De Torre Littoria a Torre Branca
A torre abriu como Torre Littoria, também foi conhecida como Torre del Parco e mais tarde recebeu o nome Branca após o restauro. Fechou aos visitantes em 1972 e voltou à vida pública no início dos anos 2000, por isso a subida rápida de elevador de hoje também conta uma história de resgate. Não estás apenas a comprar uma vista; estás a entrar num objeto milanês que quase desapareceu da vida dos visitantes.
O que o miradouro muda
A maioria dos passeios pelo centro de Milão acontece ao nível da rua, entre pátios de pedra, carris de elétrico e portas de museus. O miradouro inverte depressa essa escala: o Castello Sforzesco transforma-se numa planta, o Parco Sempione num corredor verde, e as torres mais recentes de Porta Nuova e CityLife mostram até onde a cidade se estendeu desde o horizonte dos anos 1930 de Ponti.
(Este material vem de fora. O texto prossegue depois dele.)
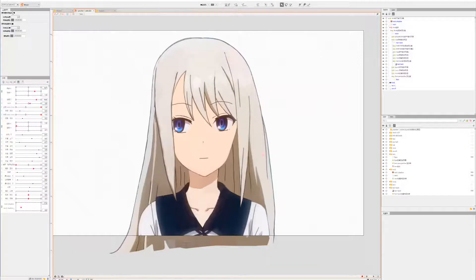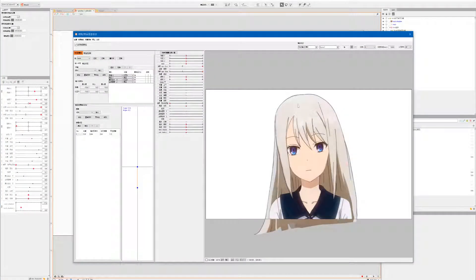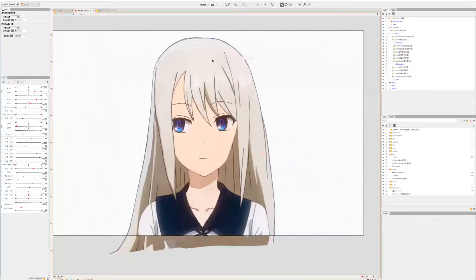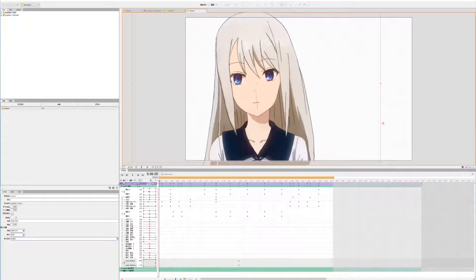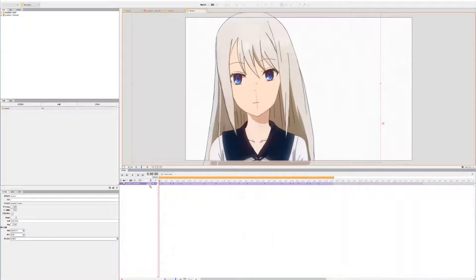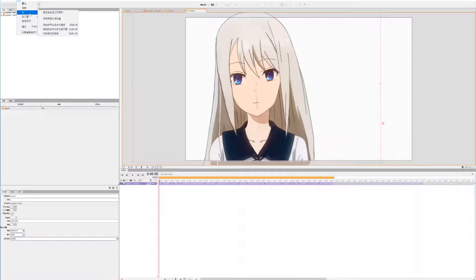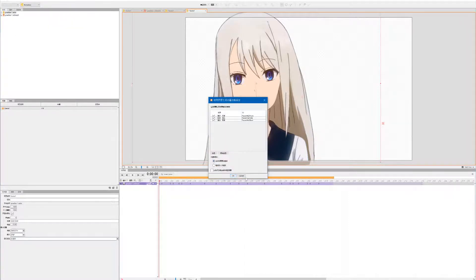Once you have all the physics set up, apply it to the animation by closing the current panel and going to the animation tab. Under the animation tab, select the object you'd like to apply your physics to, then select animation track and choose make physics.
Quem tira mais partido da torre
Quem visita Milão pela primeira vez ganha um ponto de orientação rápido antes do castelo ou do Duomo. Quem regressa encontra um panorama menos óbvio do que a vista habitual dos terraços da catedral. As famílias têm uma recompensa rápida se a fila for curta, enquanto visitantes com mobilidade reduzida devem confirmar os detalhes de acesso antes de reservar, porque a experiência depende de um elevador compacto e de uma plataforma sensível à meteorologia.